Search code examples
csvmicrocontrollercommunicationsemanticsiot

extra light data format for IoT


I'm looking at how to design a data format to send sensor data (temperature,gps,accelerometer and others) from a device with microcontroller to a backend service through GSM.

I created a simple JSON HTTP API, but the payload is really heavy and I want something as light as possible to basically improve my device's battery life: save processing time on the device to create the data, reduce the amount of data submitted and the time needed to send those data, etc.

I would send text messages in binary format with MQTT, but how to format the text message? I could for example use a CSV format or use fixed amounts of bytes for each sensor. I could only send sensor data that changed (like if GPS coordinates are the same, I don't send them again. for the date/time, I only send the seconds if rest hasn't moved since previous sensor data).

I was expecting to find a protocol that answers all those needs. BUT only standards I found are xml/json based.

There is this specific protocol used for drones to exchange commands, that we could rework on but my needs are slightly different: I just want to send groups (10x / 100x) of sensor data (taken every few seconds).
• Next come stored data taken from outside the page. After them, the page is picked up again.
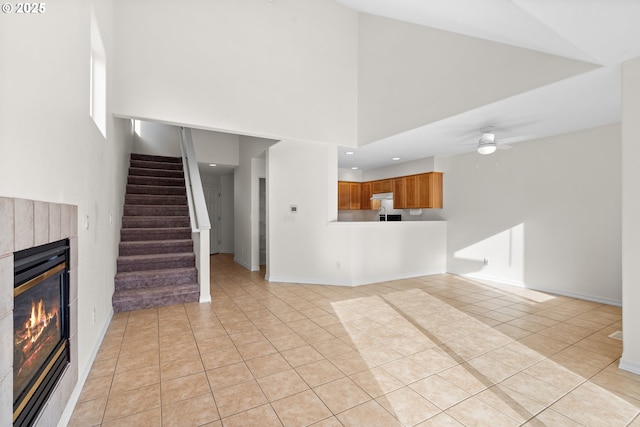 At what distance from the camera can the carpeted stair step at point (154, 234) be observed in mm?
4695

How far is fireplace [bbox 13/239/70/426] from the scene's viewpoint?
49.0 inches

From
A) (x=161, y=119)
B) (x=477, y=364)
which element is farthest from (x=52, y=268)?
(x=477, y=364)

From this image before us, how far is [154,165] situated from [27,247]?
5.93 metres

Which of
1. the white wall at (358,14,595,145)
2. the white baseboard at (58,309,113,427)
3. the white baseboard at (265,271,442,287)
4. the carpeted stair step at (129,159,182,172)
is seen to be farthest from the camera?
the carpeted stair step at (129,159,182,172)

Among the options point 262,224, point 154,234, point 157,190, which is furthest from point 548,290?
point 157,190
Would you know anything that could answer this, so that we don't reinvent the wheel?


Solution

  • Here are a couple of thoughts:

    Skip the HTTP protocol. HTTP sends extra data in the header and since you know what data your device is sending it is unnecessary. Just connect to a TCP server and send your data.
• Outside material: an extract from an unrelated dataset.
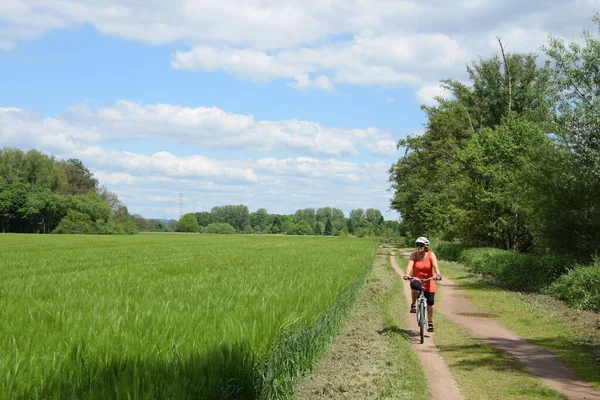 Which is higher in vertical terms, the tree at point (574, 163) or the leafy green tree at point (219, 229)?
the tree at point (574, 163)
    Representing your data in ASCII is inefficient. For example, the number 4294967295 requires 10 bytes to represent but in binary it only requires 4 bytes.
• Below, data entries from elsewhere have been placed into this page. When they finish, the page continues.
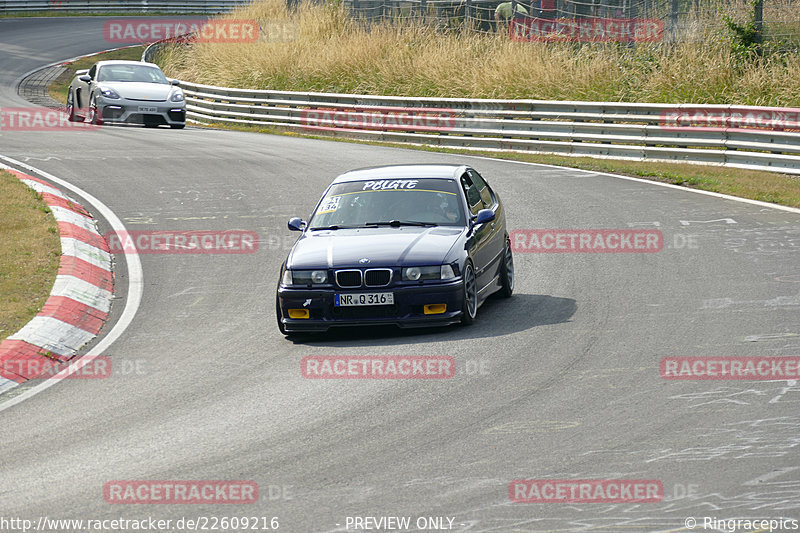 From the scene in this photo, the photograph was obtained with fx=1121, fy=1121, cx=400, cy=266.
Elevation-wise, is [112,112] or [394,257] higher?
[394,257]

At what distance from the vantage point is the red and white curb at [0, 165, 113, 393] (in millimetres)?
9500

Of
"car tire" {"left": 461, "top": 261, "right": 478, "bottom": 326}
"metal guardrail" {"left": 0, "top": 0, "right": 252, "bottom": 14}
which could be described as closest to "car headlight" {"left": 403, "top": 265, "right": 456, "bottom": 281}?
"car tire" {"left": 461, "top": 261, "right": 478, "bottom": 326}

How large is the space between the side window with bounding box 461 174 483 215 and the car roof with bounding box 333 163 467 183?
4.1 inches

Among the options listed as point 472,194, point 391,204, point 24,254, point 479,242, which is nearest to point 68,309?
point 24,254

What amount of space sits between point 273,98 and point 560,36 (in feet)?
25.4

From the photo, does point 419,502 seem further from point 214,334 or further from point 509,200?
point 509,200

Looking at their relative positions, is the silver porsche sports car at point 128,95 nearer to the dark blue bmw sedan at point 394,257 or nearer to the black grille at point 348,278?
the dark blue bmw sedan at point 394,257

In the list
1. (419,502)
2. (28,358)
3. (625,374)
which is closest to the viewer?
(419,502)

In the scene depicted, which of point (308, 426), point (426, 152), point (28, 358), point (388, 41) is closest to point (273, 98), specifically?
point (388, 41)

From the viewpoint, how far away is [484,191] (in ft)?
40.5

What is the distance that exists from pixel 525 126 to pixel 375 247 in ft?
47.8

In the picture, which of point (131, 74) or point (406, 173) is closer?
point (406, 173)

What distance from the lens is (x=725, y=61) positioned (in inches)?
957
    Without compression, your raw data is the minimum limit on the number of bytes required to successfully send your message. Typically a highly efficient protocol is as simple as a few bits or bytes to describe what kind of data is being sent followed by the data in predefined locations.

    What I would suggest, if you are certain that improving your efficiency outweighs the trouble, is define one or several packet formats that is known to your sender and receiver and transmit it over a TCP connection. Looking at the transaction layer for protocols such as PCI Express might help. They are more complected than you need but will give you the general idea, which is to keep it generally pretty simple.

    As an example, the following json data consumes 270 bytes plus maybe 50 bytes for the HTTP header:

    {"sensor1":{"coordinates":[12345,12345],"time":"2016-12-9T08:50:11"}"sensor2":{"coordinates":[12345,12345],"time":"2016-12-9T08:50:11"}"sensor3":{"coordinates":[12345,12345],"time":"2016-12-9T08:50:11"}"sensor4":{"coordinates":[12345,12345],"time":"2016-12-9T08:50:11"}}
    

    The same data could be represented with a data stream like so:

    number of sensors (1 byte)
    sensor1 lat (4 bytes)
    sensor1 lng (4 bytes)
    sensor1 time (4 bytes)
    sensor2 lat (4 bytes)
    sensor2 lng (4 bytes)
    sensor2 time (4 bytes)
    

    for a total of 27 bytes, including the full time every transmission.

    If you provide what language you are using you may get more help on the actual implementation.